IPOs: BOC Aviation Flies in HK, 51Talk Speaks in NY

Bottom line: BOC Aviation and 51Talk are likely to post moderate performances in their upcoming IPOs in Hong Kong and New York, as investors welcome their growth stories but also show concerns about China’s broader slowing economy.

BOC Aviation IPO gets lukewarm reception

Privatizations and de-listings have been making headlines among overseas listed Chinese firms these days, but a couple of upcoming new IPOs shows that New York and Hong Kong remain attractive options for at least some companies. In the bigger of the 2 plans in the headlines today, Bank of China’s (HKEx: 3988; Shanghai: 601398) BOC Aviation unit has filed updated plans for its IPO first announced in March, which includes a final pricing. The other deal has English language instruction specialist 51Talk filing to make a New York IPO to raise up to $100 million.

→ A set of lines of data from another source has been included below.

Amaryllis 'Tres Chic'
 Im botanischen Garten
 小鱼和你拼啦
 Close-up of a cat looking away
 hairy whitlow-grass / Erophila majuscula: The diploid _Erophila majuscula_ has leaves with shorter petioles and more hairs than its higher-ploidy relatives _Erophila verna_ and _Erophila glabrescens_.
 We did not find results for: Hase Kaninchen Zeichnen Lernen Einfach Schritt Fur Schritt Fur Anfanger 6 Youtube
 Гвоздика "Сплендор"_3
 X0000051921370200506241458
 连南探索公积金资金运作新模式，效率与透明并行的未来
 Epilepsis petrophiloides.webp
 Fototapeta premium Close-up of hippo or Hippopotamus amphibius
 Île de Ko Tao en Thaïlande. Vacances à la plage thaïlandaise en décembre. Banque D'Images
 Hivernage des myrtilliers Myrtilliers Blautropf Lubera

This latest pair of deals in some ways reflect the constant state of uncertainty in China’s own stock markets, which is where many of these Chinese companies would prefer to list due to higher valuations. IPOs in China are always tough because of a huge waiting line that means new applicants can wait 2 or 3 years or even more. The problem is worsened by political conservatism that often sees the regulator slow or freeze all new offerings when markets become volatile like they are now.

We’ll begin our offshore IPO round-up with BOC Aviation, whose latest plan looks like a reduction from its earlier one to raise up to $1.5 billion announced 2 months ago. (previous post) Bank of China is spinning off the airplane leasing unit to allow it to operate more independently in the fast-growing space, and I also suspect it will use part of the proceeds to help offset the ballooning bad debt on its own balance sheet.

The latest plan says BOC Aviation will raise up to $1.1 billion by issuing shares priced at HK$42 apiece, though that amount could raise to as much as $1.3 billion if the company also sells all the shares from an overallotment provision. (HKEx announcement) Media reports say the company plans to sell a relatively large 50 percent of its shares to cornerstone investors, and that the stock will start trading next Monday. (English article)

The results look very so-so, since the final fund-raising is quite a bit below the original target. The fact that cornerstone investors account for so much of the fund-raising also seems to indicate that Bank of China had to call on many of its state-owned peers to allow the IPO to proceed. But that said, the aircraft leasing sector is one that’s full of growth potential, and I expect this IPO will post a flat to slightly positive debut when the shares start to trade.

Swimming Against the Tide

Next there’s 51Talk, which could become only the second major offering that I’ve seen by a Chinese firm in New York this year. Industry watchers will know that most of the movement has been in the other direction lately, with some 4 dozen US-listed Chinese firms announcing plans to privatize from New York and return to China since the start of last year.

Despite that, 51Talk seems convinced it will find a friendlier reception in New York. The company is in a rapid growth phase that saw its revenue triple to 72 million yuan ($11.2 million) in this year’s first quarter from a year earlier. The company’s loss also grew sharply over that period, more than doubling to 149 million yuan from 65 million yuan a year earlier.

The only other major company to make a similar offering so far this year was Yintech (Nasdaq: YIN), operator of a metals trading platform, which priced its IPO shares at the top of their range and raised a similar $100 million. Yintech’s shares now trade just slightly below the IPO price 2 weeks after their debut, and it’s quite possible we could see similar trends for both the pricing and trading debut of 51Talk.